◆ **Task directions**: Below is a listing; copy all of it exactly.
** Data section follows **
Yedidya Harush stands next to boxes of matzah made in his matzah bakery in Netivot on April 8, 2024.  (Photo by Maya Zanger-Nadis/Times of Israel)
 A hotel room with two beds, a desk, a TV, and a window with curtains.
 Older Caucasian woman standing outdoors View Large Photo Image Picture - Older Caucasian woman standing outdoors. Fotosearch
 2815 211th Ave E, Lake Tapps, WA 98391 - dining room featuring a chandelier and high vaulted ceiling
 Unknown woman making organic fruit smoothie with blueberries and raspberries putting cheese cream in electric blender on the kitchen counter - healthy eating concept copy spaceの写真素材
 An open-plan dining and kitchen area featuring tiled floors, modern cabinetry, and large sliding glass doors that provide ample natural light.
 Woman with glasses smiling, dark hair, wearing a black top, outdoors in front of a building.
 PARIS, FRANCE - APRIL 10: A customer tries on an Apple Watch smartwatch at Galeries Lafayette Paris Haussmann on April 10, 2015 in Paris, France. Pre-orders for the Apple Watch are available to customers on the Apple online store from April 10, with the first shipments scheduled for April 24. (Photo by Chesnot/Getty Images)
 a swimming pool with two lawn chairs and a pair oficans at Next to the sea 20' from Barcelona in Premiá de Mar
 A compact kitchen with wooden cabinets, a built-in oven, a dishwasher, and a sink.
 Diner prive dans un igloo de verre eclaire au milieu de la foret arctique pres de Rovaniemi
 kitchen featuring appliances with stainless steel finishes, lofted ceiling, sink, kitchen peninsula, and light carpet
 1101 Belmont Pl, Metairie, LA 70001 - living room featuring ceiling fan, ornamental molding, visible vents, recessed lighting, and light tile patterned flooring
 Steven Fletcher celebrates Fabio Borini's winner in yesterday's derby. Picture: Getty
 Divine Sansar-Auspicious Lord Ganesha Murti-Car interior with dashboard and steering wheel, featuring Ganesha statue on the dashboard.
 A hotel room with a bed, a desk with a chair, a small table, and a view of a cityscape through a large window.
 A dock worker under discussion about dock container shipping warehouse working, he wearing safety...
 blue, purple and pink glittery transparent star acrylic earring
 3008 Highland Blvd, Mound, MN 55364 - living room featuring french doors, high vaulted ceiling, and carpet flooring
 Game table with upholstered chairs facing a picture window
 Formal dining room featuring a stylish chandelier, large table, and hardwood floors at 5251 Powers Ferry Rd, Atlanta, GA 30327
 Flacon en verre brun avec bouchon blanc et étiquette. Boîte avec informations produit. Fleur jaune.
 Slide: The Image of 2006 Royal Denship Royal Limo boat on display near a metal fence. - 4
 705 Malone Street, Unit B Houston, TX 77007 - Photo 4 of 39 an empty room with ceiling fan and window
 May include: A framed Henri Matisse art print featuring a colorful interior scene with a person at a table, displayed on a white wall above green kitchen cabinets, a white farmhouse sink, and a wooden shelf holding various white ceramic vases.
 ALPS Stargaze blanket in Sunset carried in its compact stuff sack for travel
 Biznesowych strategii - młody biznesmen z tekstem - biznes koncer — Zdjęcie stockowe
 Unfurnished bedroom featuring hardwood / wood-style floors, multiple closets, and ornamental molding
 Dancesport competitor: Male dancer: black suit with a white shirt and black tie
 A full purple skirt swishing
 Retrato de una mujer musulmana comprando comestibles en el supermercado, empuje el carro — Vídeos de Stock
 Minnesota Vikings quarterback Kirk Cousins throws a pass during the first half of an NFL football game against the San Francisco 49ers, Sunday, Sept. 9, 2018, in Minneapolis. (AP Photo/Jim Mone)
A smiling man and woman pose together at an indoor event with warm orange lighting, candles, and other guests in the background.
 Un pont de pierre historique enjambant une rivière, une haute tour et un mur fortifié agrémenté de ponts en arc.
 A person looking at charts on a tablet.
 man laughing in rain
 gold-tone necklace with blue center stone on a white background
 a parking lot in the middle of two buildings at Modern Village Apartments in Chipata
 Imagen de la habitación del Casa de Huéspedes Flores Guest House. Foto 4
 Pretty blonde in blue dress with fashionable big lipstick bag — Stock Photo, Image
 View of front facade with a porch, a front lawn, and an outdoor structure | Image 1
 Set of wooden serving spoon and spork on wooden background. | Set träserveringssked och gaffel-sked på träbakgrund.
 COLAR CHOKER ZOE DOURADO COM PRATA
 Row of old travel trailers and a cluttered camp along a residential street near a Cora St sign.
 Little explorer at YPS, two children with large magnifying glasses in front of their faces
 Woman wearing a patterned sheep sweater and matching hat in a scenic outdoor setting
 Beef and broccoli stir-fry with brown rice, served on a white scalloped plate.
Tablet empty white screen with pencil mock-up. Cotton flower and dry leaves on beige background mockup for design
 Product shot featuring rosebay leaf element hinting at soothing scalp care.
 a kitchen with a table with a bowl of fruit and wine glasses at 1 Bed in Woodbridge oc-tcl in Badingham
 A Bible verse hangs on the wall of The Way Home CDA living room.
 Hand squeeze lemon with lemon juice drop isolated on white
** End of Data section **
◆ **Task output**:
Yedidya Harush stands next to boxes of matzah made in his matzah bakery in Netivot on April 8, 2024.  (Photo by Maya Zanger-Nadis/Times of Israel)
 A hotel room with two beds, a desk, a TV, and a window with curtains.
 Older Caucasian woman standing outdoors View Large Photo Image Picture - Older Caucasian woman standing outdoors. Fotosearch
 2815 211th Ave E, Lake Tapps, WA 98391 - dining room featuring a chandelier and high vaulted ceiling
 Unknown woman making organic fruit smoothie with blueberries and raspberries putting cheese cream in electric blender on the kitchen counter - healthy eating concept copy spaceの写真素材
 An open-plan dining and kitchen area featuring tiled floors, modern cabinetry, and large sliding glass doors that provide ample natural light.
 Woman with glasses smiling, dark hair, wearing a black top, outdoors in front of a building.
 PARIS, FRANCE - APRIL 10: A customer tries on an Apple Watch smartwatch at Galeries Lafayette Paris Haussmann on April 10, 2015 in Paris, France. Pre-orders for the Apple Watch are available to customers on the Apple online store from April 10, with the first shipments scheduled for April 24. (Photo by Chesnot/Getty Images)
 a swimming pool with two lawn chairs and a pair oficans at Next to the sea 20' from Barcelona in Premiá de Mar
 A compact kitchen with wooden cabinets, a built-in oven, a dishwasher, and a sink.
 Diner prive dans un igloo de verre eclaire au milieu de la foret arctique pres de Rovaniemi
 kitchen featuring appliances with stainless steel finishes, lofted ceiling, sink, kitchen peninsula, and light carpet
 1101 Belmont Pl, Metairie, LA 70001 - living room featuring ceiling fan, ornamental molding, visible vents, recessed lighting, and light tile patterned flooring
 Steven Fletcher celebrates Fabio Borini's winner in yesterday's derby. Picture: Getty
 Divine Sansar-Auspicious Lord Ganesha Murti-Car interior with dashboard and steering wheel, featuring Ganesha statue on the dashboard.
 A hotel room with a bed, a desk with a chair, a small table, and a view of a cityscape through a large window.
 A dock worker under discussion about dock container shipping warehouse working, he wearing safety...
 blue, purple and pink glittery transparent star acrylic earring
 3008 Highland Blvd, Mound, MN 55364 - living room featuring french doors, high vaulted ceiling, and carpet flooring
 Game table with upholstered chairs facing a picture window
 Formal dining room featuring a stylish chandelier, large table, and hardwood floors at 5251 Powers Ferry Rd, Atlanta, GA 30327
 Flacon en verre brun avec bouchon blanc et étiquette. Boîte avec informations produit. Fleur jaune.
 Slide: The Image of 2006 Royal Denship Royal Limo boat on display near a metal fence. - 4
 705 Malone Street, Unit B Houston, TX 77007 - Photo 4 of 39 an empty room with ceiling fan and window
 May include: A framed Henri Matisse art print featuring a colorful interior scene with a person at a table, displayed on a white wall above green kitchen cabinets, a white farmhouse sink, and a wooden shelf holding various white ceramic vases.
 ALPS Stargaze blanket in Sunset carried in its compact stuff sack for travel
 Biznesowych strategii - młody biznesmen z tekstem - biznes koncer — Zdjęcie stockowe
 Unfurnished bedroom featuring hardwood / wood-style floors, multiple closets, and ornamental molding
 Dancesport competitor: Male dancer: black suit with a white shirt and black tie
 A full purple skirt swishing
 Retrato de una mujer musulmana comprando comestibles en el supermercado, empuje el carro — Vídeos de Stock
 Minnesota Vikings quarterback Kirk Cousins throws a pass during the first half of an NFL football game against the San Francisco 49ers, Sunday, Sept. 9, 2018, in Minneapolis. (AP Photo/Jim Mone)
A smiling man and woman pose together at an indoor event with warm orange lighting, candles, and other guests in the background.
 Un pont de pierre historique enjambant une rivière, une haute tour et un mur fortifié agrémenté de ponts en arc.
 A person looking at charts on a tablet.
 man laughing in rain
 gold-tone necklace with blue center stone on a white background
 a parking lot in the middle of two buildings at Modern Village Apartments in Chipata
 Imagen de la habitación del Casa de Huéspedes Flores Guest House. Foto 4
 Pretty blonde in blue dress with fashionable big lipstick bag — Stock Photo, Image
 View of front facade with a porch, a front lawn, and an outdoor structure | Image 1
 Set of wooden serving spoon and spork on wooden background. | Set träserveringssked och gaffel-sked på träbakgrund.
 COLAR CHOKER ZOE DOURADO COM PRATA
 Row of old travel trailers and a cluttered camp along a residential street near a Cora St sign.
 Little explorer at YPS, two children with large magnifying glasses in front of their faces
 Woman wearing a patterned sheep sweater and matching hat in a scenic outdoor setting
 Beef and broccoli stir-fry with brown rice, served on a white scalloped plate.
Tablet empty white screen with pencil mock-up. Cotton flower and dry leaves on beige background mockup for design
 Product shot featuring rosebay leaf element hinting at soothing scalp care.
 a kitchen with a table with a bowl of fruit and wine glasses at 1 Bed in Woodbridge oc-tcl in Badingham
 A Bible verse hangs on the wall of The Way Home CDA living room.
 Hand squeeze lemon with lemon juice drop isolated on white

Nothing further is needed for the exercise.